I have an asp.net core Web Api application.
In my application I have Web Api method which I want to prevent multi request from the same user to enter simultaneously. I don't mind request from different users to perform simultaneously.
I am not sure how to create the lock and where to put it. I thought about creating some kind of a dictionary which will contains the user id and perform the lock on the item but I don't think i'm getting it right. Also, what will happen if there is more than one server and there is a load balancer?
Example:
Let assume each registered user can do 10 long task each month. I need to check for each user if he exceeded his monthly limit. If the user will send many simultaneously requests to the server, he might be allowed to perform more than 10 operations. I understand that I need to put a lock on the method but I do want to allow other users to perform this action simultaneously.

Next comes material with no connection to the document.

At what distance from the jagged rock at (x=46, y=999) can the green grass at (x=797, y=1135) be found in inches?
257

What you're asking for is fundamentally not how the Internet works. The HTTP and underlying IP protocols are stateless, meaning each request is supposed to run independent of any knowledge of what has occurred previously (or concurrently, as the case may be). If you're worried about excessive load, your best bet is to implement rate limiting/throttling tied to authentication. That way, once a user burns through their allotted requests, they're cut off. This will then have a natural side-effect of making the developers programming against your API more cautious about sending excessive requests.

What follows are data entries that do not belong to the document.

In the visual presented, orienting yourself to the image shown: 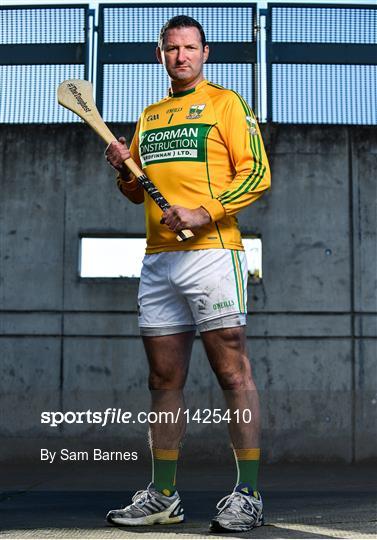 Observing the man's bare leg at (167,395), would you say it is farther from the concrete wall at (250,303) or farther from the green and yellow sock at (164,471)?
the concrete wall at (250,303)

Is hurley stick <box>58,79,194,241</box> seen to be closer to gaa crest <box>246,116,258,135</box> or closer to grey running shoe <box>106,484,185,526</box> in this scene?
gaa crest <box>246,116,258,135</box>

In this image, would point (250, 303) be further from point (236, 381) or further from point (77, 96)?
point (236, 381)

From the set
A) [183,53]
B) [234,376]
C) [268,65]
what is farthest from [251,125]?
[268,65]

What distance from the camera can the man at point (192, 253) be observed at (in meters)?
3.10

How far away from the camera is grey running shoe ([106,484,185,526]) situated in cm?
307

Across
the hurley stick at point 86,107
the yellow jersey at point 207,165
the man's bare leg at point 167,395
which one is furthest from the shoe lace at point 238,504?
the hurley stick at point 86,107

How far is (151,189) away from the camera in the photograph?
10.5 ft

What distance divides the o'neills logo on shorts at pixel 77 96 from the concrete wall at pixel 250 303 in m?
3.52

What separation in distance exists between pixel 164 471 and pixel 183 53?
4.94 feet

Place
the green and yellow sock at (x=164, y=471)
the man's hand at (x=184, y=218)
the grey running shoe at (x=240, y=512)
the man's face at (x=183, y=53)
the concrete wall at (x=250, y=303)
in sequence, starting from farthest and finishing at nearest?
the concrete wall at (x=250, y=303), the man's face at (x=183, y=53), the green and yellow sock at (x=164, y=471), the man's hand at (x=184, y=218), the grey running shoe at (x=240, y=512)

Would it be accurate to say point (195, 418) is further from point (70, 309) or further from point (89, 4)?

Just to be a bit more thorough, here, the chief problem with the approach you're suggesting is that I know of no way it can be practically implemented. You can use something like SemaphoreSlim to create a lock, but that needs to be static so that the same instance is used for each request. Being static is going to limit your ability to use a dictionary of them, which is what you'll need for this. It can technically be done, I suppose, but you'd have to use a ConcurrentDictionary and even then, there's no guarantee of single-thread additions. So, concurrent requests for the same user could load concurrent semphaphores into it, which defeats the entire point. I suppose you could front-load the dictionary with a semphaphore for each user from the start, but that could become a huge waste of resources, depending on your user-base. Long and short, it's one of those things where when you're finding a solution this darn difficult, it's a good sign you're likely trying to do something you shouldn't be doing.
EDIT
After reading your example, I think this really just boils down to an issue of trying to handle the work within the request pipeline. When there's some long-running task to be completed or just some heavy work to be done, the first step should always be to pass it off to a background service. This allows you to return a response quickly. Web servers have a limited amount of threads to handle requests with, and you want to service the request and return a response as quickly as possible to keep from exhausting your threadpool.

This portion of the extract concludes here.